Thomas Friedman declared in his 2005 book The World is Flat, that the world is flat. By that he meant that the internet, trade liberalism, and the like had enabled economies such as India to compete with the likes of relatively stronger economies like the USA and Japan. This “flattening” (or leveling of the playing field, as we might think of it) continues today in radically new ways that Friedman may not have imagined.
Cryptocurrencies have enabled value to transfer across borders in a permissionless way, with no authorization required by central banks. Despite all the talk of economic nationalism by politicians, it is more common now than ever for even commonfolk to hold multiple citizenships and permanent residencies, with little allegiance to any nation state. Complex networks, like those manifested on social media platforms, have made it increasingly obvious since the Arab Spring of 2011 just how powerful a networked public can be. As social media platforms increasingly engage in various forms of censorship, the networked public scatters to encrypted messaging apps such as Signal and seeks to decentralize the web: decentralized apps (DApps), smart contracts, and the like.
As Martin Gurri pointed out in his brilliant book The Revolt of The Public and the Crisis of Authority in the New Millennium, members of social movements on both the left and right (from BLM to Canadian truckers) seem to agree that the center (politicians, mainstream media, scientific elite, and the like) does not have the public’s interest in mind.
We do not know where this new world, with an increasingly polarized yet highly informed public will lead us. Or, at least, we do not know how the seemingly inevitable disruption will manifest in the coming years and decades.

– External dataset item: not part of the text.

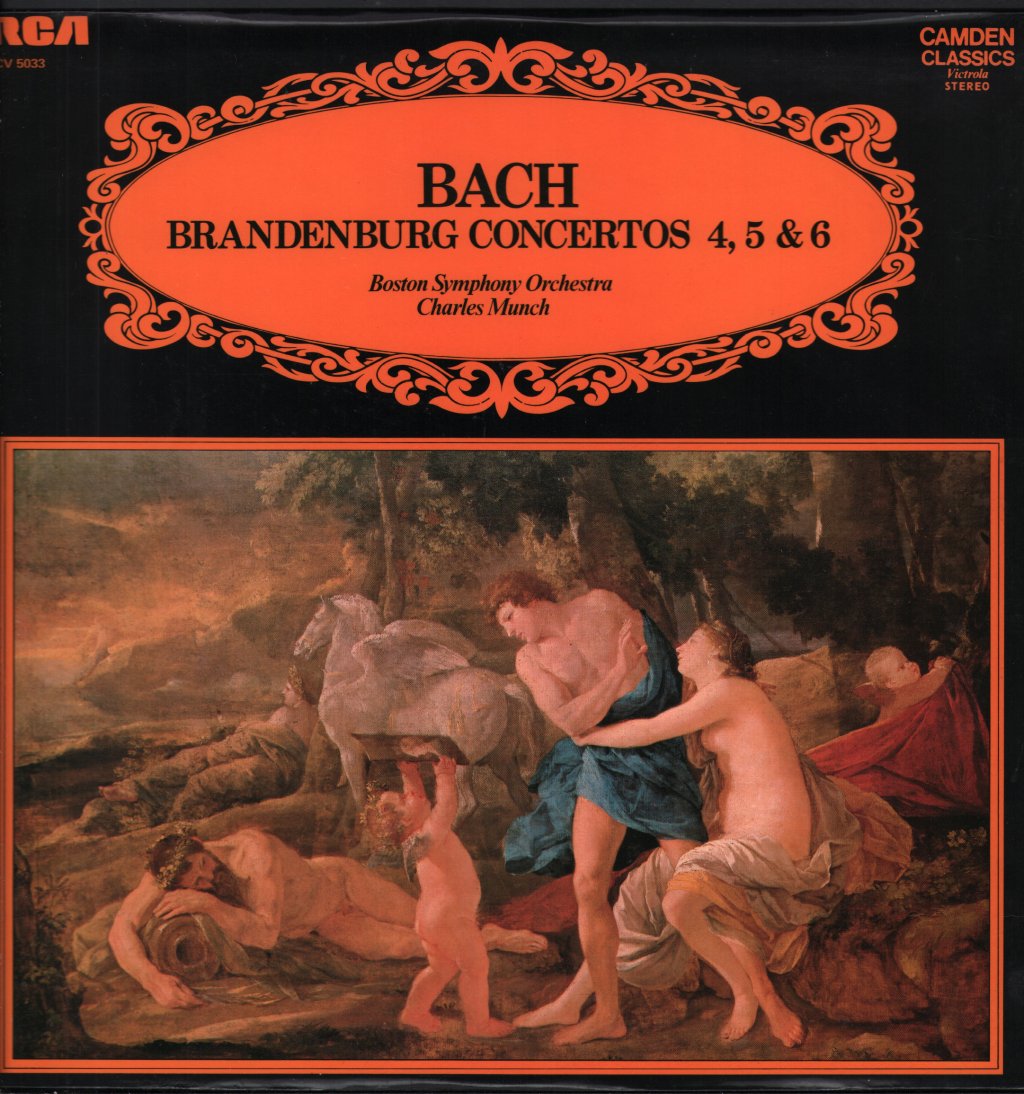 Charles Munch / Boston Symphony Orchestra - Bach Brandenburg Concertos 4, 5 And 6 - Lp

We do know that the nation-state as we know it did not exist until after the disruption that the Catholic Church experienced after the invention of the printing press. While we might like to point to Martin Luther as a catalyst for the disruption of Christendom, we must remember that Luther was not the first to challenge the Church. His 1517 posting of the Ninety-five Theses onto a church door in Wittenberg was timely in that he had the printing press available to widely spread his ideas. Suddenly the Church lost its monopoly on biblical narrative, especially after Luther published his German translation of the New Testament (from Latin and Greek). After this the masses could read the text for themselves and form their own conclusions from it directly. The cat was out of the bag, and the rest was history.
In the case of Europe, there was not a general agreement between Calvinists, Lutherans and Catholics that maybe the beliefs of the other should be seen as quirky rather than heretical (something to roll your eyes over rather than fight over) until the end of the Thirty Years’ War in 1648. So the disruption that Christendom experienced was hardly a smooth landing.
We can hope for as smooth a landing as possible in the decades to come, for both ourselves and our families. In both the short and mid-term, we could see and participate in exciting foot-voting opportunities as nation-states create new pathways to permanent residence, and digital nomad visas and even citizenship to attract highly capable and often well-resourced digital nomads who are able to capitalize on exchange rate arbitrage. We might also see politicians in nation-states in the developed world embrace the carefully-articulated humanitarian and economic arguments put forward by the likes of Ilya Somin and Bryan Caplan to allow for people from the developing world to move to where they can be most productive and pursue their own happiness.
So while a great deal of disruption seems inevitable on the horizon, let us remember that turbulent times often come with unique opportunities.